Oh Lord, Wontcha Buy me a New Mandoline

Thick black runny tears were running down my face and I regretted having put on that mascara in the first place this morning. What was I thinking? Onions and mascara do not mix. But I wasn’t thinking that when I dollied up. We were to have a guest for lunch. Loïc had just called to let me know when they would be finished and arriving to the house, so I had to step up the pace. They would be here any time now and here I was looking like Janis Joplin on a bad trip with a pile of onions. I was really thankful for the mandolin after all. I am such a baby when it comes to chopping onions. Even slicing off the ends and peeling them has me a blubbering mess. The bells of the church began to ring just when I’d gotten them sliced, and I took it as a signal. I was running late.

Earlier this week, my butcher gave me a nice big sack of veal bones he’d set aside for me when he carved the animal, so I could make stock. I made your typical veal stock the other night, roasting the bones and long simmering them with a bouquet and some root vegetables. This morning I heated the stock back up slowly at the same time that I cooked the onions in another pot.

There was a huge mixing bowl full of onions after I chopped them, but within a few minutes on the heat, they began to reduce and release their juice, and after a little while I could transfer them to a smaller pan where I would allow them to simmer, reduce and caramelize. Once I had them stabilized over a nice low heat, I mixed in a spoonful of flour and picked up my basket to make my round at the market.
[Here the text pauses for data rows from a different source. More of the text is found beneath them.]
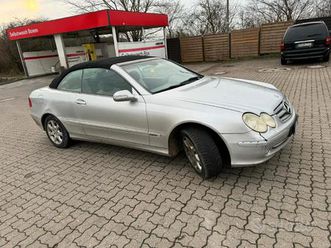 mercedes classe clk (c/a209) - 2004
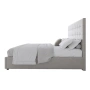 Кровать двуспальная 180х200 молочная Royal Black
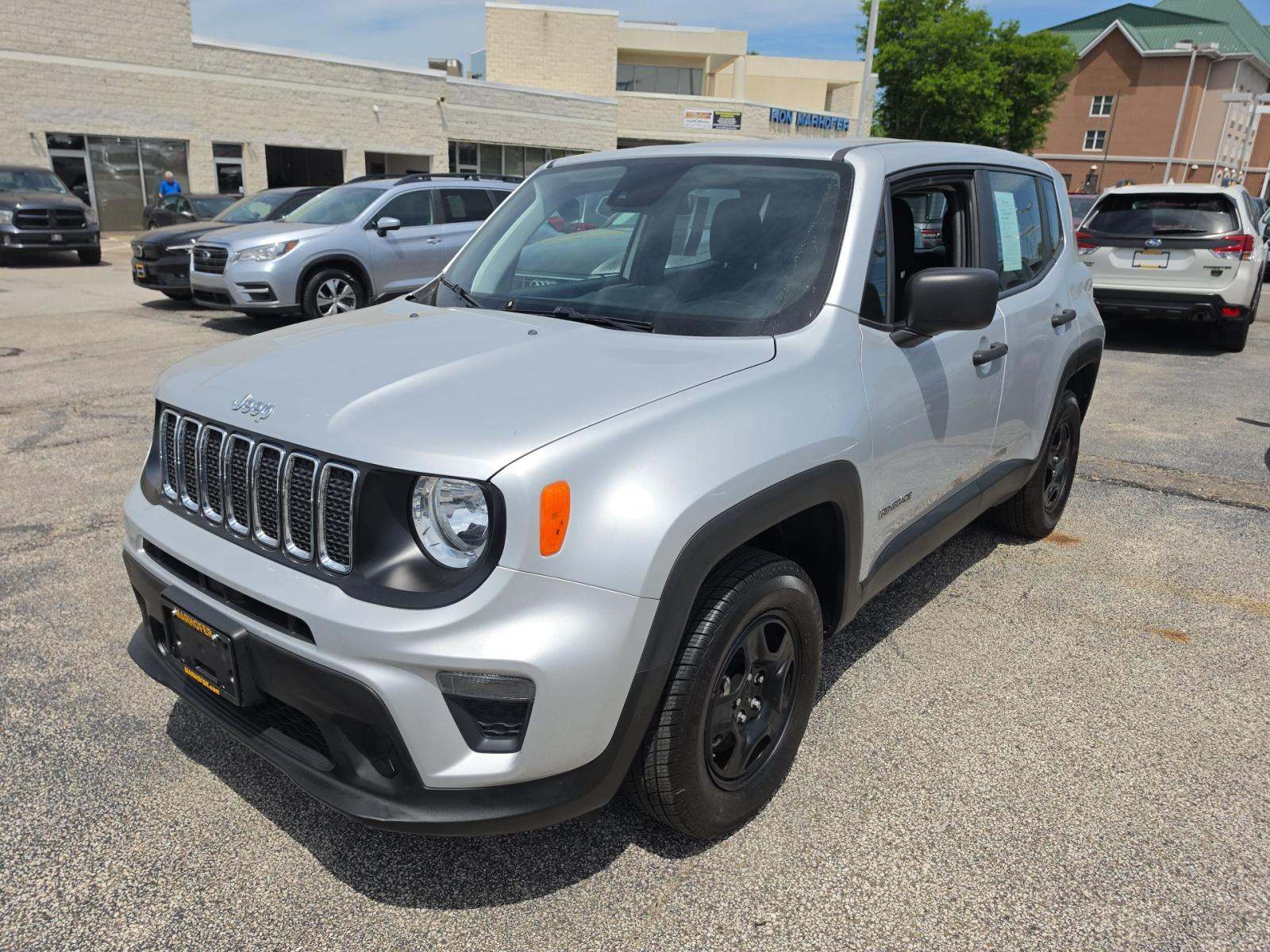 2021 Jeep Renegade Sport AWD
On Sundays, especially after church lets out, the market at Quai Saint Antoine is in a state of relative mayhem. I knew where I had to be going, but every 10 yards a couple of families had stopped in the middle of everything to greet each other. They had with big sacks in their hands and bouquets of flowers jutting out this way and that, children and dogs impatiently tugging off in various directions while the parents enjoyed catching up on the neighborhood gossip, completely oblivious to the fact that they were blocking traffic. I understand what it means to “fait les courses”. I was dodging back and forth as if in an obstacle course in order to get through to the vendors that had the things I needed for lunch.

One pass along the market and it was clear that not to profit from the many mushrooms in season at the moment would be a crime. I kept mental notes of the prices and condition of the offerings all the way down. You have to be careful when purchasing mushrooms. There are a few crooked vendors that soak their shrooms, completely saturating them with water before selling them by the gram weight. This not only gives a bad taste to the mushroom, makes them incubate bad germs and makes them even more difficult to clean, but is completely dishonest practice. Most mushrooms are very light, naturally, so a hundred grams is in most cases a nice big hand full. If you are dealing with a crook that soaks his mushrooms, the volume per 100 grams goes way down. After some experience, you can tell by the dark appearance if mushrooms have been soaked, and another way is to lift the dish where they’ve been set out. A little practice and you can identify the heavy soaked ones immediately.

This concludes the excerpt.